Friday, January 31, 2014

Wide Narrow Wide

Saw a fascinating video the other day

For the first time it explained how laying off the club helps close the face. It's physics proved by simulation. I love golf research instead of golf instruction based on ideas or methodologies. So I started working again on laying off the club and wondering how to do that. Then I got back onto Bradley Hughes and how he talked about starting the club upright on the backswing helps to create a loop that then helps layoff the club at the top at the transition. Martin Ayers kinda gets into this too with his power move.

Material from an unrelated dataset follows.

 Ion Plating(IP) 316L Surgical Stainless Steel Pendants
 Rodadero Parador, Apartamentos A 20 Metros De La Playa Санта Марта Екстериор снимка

Anyway I've tried doing this "transition" move before and really struggled with it as it just felt like I was trying to whip the club and I had no control over the club. This time just thinking about it differently and introducing a wide-narrow-wide into the loop and it made more sense or felt more natural. Then while also hitting I saw this guy who really bombs it from the back and he has that wide-narrow-wide move as well and you can just see how it concentrates all the power into impact. He looked like a baseball hitter on his follow through.

I'm also wondering if this will affect my timing and help with my right elbow problem?

Well here's the proof of the change which you can see with Skypro really easily.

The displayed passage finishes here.